6. Who is described in Chapter 12 as the Chairman of the Financial Services Commission in Korea?
(a) Vikram Pandit
(b) Gao Xiqing
(c) Jun Kwang-woo
(d) Min Euoo Song

7. Henry Paulson announced his plan to stop the market panic in Chapter 18. This plan was called TARP, which stands for what?
(a) Taxable Asset Recuperation Program
(b) Technology Advancement Reward Program
(c) Terminal Asset Reduction Philosophy
(d) Troubled Asset Relief Program

8. Bob Steel was described as now being with what banking institution in Chapter 12?
(a) Citigroup
(b) Wells Fargo
(c) Wachovia
(d) Merrill Lynch

9. Who was described as the head of the FDIC in Chapter 12?
(a) Jun Kwang-woo
(b) Sheila Bair
(c) Marge Magner
(d) Erin Callan

10. Who did Dick Fuld contact at the Federal Reserve about Lehman Brothers possibly becoming a bank company in Chapter 10?
(a) Barry Zubrow
(b) Timothy Geithner
(c) Bob Hoyt
(d) Rick Lazio

11. According to the author in Chapter 14, after the meeting at the New York Federal Reserve Building, “the Morgan Stanley bankers had two related tasks: self-preservation and” what?
(a) Offshore investments
(b) Helping the Fed
(c) Public relations
(d) Wealth accumulation

12. In Chapter 16, who called JP Morgan and Goldman Sachs to come meet with the other Wall Street leaders to look at a solution for the AIG problem?
(a) David Goldfarb
(b) Jim Cramer
(c) David Einhorn
(d) Timothy Geithner

13. Henry Paulson cut his meeting short with the bankers in Chapter 11 because he was going with his family to attend the Olympic Games where?
(a) Vancouver
(b) Atlanta
(c) Beijing
(d) London

14. As the top bankers made their way home after the weekend of trying to solve the Lehman Brothers problem, they were called back to the Treasury for another emergency meeting involving what institution?
(a) AIG
(b) Morgan Stanley
(c) Goldman Sachs
(d) JP Morgan

15. Hank Paulson’s team of advisors in Chapter 12 included Tony Ryan, Jeremiah Norton, Jim Wilkinson, Jeb Mason, and whom?
(a) Frank Zarb
(b) Kerrie Cohen
(c) Bob Hoyt
(d) Rick Lazio

Short Answer Questions

1. Who did Lloyd Blankfein make a call to in order to solicit investment in Goldman Sachs in Chapter 19?

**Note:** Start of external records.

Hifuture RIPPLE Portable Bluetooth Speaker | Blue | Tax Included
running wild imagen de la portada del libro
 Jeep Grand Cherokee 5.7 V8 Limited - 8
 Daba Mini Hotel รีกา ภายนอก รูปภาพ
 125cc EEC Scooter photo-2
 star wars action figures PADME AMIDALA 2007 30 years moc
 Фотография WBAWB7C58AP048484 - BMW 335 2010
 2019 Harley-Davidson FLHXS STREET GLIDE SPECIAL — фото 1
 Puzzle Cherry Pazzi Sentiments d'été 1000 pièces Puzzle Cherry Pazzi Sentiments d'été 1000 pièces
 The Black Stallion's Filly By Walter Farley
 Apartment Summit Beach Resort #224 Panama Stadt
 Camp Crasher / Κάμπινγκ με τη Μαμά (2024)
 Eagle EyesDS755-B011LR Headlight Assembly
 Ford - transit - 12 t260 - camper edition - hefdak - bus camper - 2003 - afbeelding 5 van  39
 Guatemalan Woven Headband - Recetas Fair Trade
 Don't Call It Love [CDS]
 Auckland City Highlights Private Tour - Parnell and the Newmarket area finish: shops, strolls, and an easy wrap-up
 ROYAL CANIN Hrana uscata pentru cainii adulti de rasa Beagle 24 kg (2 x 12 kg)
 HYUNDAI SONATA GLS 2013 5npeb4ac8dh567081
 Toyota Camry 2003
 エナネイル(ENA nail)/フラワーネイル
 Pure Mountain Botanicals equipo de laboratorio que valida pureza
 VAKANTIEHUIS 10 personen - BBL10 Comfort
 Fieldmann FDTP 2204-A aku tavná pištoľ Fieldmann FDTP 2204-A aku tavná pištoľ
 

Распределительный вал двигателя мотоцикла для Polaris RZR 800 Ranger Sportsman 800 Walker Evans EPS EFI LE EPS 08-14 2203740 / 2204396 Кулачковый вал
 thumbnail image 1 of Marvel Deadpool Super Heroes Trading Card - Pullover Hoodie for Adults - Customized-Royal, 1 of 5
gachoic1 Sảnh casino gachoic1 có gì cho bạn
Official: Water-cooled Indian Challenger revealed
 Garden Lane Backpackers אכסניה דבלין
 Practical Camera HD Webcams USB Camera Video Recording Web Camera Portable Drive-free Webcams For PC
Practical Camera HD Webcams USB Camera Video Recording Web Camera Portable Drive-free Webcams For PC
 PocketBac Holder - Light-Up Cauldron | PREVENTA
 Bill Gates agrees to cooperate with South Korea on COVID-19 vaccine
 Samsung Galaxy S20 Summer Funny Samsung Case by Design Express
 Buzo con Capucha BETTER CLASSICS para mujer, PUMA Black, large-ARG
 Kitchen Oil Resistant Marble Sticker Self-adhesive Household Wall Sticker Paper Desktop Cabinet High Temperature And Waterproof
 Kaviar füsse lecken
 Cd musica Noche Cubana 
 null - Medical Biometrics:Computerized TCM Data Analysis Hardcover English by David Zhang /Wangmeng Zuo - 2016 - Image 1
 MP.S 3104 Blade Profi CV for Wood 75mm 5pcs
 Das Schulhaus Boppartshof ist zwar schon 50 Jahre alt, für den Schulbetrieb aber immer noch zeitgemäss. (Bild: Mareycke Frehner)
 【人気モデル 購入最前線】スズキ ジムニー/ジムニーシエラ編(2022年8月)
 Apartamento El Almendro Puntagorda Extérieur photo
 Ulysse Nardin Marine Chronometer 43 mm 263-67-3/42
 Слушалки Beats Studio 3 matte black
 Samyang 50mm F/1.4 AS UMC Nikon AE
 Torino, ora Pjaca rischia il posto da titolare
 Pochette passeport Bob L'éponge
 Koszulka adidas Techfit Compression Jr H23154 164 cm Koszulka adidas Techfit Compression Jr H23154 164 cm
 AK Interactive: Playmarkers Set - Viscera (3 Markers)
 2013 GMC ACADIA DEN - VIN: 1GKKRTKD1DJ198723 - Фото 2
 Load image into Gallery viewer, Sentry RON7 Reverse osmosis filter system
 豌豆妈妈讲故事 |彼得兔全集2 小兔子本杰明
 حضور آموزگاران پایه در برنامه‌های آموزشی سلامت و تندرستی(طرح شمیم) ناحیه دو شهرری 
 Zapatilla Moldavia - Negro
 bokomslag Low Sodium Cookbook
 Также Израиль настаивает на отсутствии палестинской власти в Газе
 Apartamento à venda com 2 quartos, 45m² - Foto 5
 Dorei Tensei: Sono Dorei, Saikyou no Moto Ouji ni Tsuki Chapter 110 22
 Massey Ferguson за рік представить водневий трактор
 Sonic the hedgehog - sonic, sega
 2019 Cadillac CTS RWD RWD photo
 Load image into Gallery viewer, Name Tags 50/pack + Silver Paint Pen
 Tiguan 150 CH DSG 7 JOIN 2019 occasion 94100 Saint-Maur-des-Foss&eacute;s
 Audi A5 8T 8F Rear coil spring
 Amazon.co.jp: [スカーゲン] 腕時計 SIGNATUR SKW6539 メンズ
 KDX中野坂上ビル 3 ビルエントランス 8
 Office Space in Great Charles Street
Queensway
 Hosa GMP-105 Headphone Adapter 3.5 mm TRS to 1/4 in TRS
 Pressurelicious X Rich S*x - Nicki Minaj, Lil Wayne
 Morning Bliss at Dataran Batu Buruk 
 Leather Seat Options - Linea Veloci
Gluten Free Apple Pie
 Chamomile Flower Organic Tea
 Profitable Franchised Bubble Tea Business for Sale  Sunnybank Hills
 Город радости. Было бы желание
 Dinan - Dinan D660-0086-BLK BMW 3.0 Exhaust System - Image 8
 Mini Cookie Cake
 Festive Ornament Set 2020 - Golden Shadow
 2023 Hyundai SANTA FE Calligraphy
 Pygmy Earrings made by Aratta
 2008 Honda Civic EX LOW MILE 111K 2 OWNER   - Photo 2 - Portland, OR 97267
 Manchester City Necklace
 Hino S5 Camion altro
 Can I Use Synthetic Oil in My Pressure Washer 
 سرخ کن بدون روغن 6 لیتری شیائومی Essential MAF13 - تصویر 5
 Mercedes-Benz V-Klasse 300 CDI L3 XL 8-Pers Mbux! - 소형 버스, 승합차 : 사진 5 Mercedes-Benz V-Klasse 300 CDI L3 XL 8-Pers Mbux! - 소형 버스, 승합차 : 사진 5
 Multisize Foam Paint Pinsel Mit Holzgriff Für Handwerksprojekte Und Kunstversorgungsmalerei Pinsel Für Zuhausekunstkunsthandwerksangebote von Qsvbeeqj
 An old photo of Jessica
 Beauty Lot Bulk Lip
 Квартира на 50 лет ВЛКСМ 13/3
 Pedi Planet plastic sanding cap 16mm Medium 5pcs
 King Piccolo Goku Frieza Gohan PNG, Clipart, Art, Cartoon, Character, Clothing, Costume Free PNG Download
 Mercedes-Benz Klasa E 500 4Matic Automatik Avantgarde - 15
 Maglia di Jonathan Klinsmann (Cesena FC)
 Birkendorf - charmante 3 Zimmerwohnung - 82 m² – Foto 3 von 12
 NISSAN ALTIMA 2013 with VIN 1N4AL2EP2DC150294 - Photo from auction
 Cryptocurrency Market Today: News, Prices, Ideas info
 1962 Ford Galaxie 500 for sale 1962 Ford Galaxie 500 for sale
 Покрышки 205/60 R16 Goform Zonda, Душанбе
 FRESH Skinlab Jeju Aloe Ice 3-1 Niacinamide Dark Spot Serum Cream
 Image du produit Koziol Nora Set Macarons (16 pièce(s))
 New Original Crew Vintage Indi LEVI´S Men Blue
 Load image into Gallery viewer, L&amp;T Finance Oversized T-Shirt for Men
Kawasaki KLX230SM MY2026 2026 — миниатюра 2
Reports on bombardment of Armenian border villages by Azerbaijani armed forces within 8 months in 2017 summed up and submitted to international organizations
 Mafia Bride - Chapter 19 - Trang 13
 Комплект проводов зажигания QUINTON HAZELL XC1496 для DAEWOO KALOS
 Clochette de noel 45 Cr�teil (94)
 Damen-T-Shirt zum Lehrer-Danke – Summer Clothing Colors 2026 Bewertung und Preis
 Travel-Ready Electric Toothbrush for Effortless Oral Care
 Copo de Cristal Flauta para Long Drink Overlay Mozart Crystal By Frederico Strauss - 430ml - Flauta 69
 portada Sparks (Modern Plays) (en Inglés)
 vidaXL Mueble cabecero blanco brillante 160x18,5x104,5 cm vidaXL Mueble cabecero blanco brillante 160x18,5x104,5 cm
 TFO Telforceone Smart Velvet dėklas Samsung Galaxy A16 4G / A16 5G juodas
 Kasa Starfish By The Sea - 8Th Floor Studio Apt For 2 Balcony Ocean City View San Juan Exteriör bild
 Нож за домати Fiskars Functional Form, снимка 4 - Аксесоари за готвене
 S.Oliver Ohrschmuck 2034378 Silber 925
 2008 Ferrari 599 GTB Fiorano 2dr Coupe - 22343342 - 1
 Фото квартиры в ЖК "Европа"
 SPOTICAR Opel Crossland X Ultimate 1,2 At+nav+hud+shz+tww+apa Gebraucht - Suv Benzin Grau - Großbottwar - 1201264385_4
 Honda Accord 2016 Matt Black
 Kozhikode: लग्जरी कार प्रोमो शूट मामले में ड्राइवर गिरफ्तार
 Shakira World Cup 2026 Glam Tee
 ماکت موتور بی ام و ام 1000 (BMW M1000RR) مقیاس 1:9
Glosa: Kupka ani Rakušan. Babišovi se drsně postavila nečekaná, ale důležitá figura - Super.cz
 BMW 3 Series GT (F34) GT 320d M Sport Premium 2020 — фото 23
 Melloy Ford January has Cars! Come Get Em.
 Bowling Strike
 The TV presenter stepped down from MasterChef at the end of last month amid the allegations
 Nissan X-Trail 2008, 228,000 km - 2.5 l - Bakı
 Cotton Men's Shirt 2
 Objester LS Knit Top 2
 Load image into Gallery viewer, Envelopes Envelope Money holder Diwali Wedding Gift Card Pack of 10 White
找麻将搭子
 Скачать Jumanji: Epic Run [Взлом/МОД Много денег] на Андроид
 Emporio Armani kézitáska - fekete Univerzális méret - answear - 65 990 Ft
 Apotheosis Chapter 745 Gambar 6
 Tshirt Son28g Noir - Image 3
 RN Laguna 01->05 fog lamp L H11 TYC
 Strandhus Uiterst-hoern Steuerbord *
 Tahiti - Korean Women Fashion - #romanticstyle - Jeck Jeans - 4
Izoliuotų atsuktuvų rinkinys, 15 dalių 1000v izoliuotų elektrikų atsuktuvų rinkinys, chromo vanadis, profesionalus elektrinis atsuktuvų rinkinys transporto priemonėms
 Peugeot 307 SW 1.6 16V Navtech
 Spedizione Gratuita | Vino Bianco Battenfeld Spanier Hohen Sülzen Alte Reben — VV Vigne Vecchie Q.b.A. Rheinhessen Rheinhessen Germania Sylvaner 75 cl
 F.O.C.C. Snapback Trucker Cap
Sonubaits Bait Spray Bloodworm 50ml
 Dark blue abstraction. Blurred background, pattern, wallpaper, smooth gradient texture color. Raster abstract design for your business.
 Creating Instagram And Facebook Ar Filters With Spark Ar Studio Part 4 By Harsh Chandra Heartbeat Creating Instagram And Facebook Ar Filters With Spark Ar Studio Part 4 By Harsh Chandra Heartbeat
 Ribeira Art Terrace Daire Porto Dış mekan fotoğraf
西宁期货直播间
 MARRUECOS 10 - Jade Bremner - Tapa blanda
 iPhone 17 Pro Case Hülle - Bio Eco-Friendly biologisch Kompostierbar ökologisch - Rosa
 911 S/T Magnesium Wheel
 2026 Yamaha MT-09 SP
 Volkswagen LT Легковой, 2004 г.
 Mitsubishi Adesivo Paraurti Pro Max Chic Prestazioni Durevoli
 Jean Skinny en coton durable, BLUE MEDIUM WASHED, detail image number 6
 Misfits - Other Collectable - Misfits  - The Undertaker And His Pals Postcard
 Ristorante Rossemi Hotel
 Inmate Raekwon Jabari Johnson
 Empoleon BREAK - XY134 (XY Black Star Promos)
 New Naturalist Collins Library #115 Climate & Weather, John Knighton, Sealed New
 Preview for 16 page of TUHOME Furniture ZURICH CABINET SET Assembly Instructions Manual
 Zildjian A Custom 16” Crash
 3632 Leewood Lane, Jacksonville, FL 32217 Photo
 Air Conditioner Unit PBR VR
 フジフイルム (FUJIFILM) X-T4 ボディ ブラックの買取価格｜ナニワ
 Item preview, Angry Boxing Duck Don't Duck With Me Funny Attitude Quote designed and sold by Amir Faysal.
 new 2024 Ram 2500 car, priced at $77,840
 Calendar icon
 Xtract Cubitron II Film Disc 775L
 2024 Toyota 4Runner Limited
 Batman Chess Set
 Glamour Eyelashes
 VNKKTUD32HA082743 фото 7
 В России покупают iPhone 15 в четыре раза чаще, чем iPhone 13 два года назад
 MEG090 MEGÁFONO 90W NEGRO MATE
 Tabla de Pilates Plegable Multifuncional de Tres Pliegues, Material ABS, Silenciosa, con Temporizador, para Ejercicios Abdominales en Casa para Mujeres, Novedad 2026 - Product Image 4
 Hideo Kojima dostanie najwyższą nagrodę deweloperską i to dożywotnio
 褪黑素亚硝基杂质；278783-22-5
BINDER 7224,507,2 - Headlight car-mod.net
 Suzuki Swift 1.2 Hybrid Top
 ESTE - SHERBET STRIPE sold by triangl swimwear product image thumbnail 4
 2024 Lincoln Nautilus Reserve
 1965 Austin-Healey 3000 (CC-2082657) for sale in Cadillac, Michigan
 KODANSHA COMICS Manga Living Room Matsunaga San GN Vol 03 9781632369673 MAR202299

2. AIG was scheduled to report what losses in its second quarter in Chapter 11?

3. Chapter 18 opens with the author’s description of what date?

4. Jim Cracchiolo was described as the head of what institution in Chapter 17?

5. What analyze at Fox-Pitt Kelton is quoted in the New York Times in Chapter 13 as saying, “Some may worry that Treasury has taken on so much taxpayer burden they don’t have any remaining capacity to take on the burdens of Lehman”?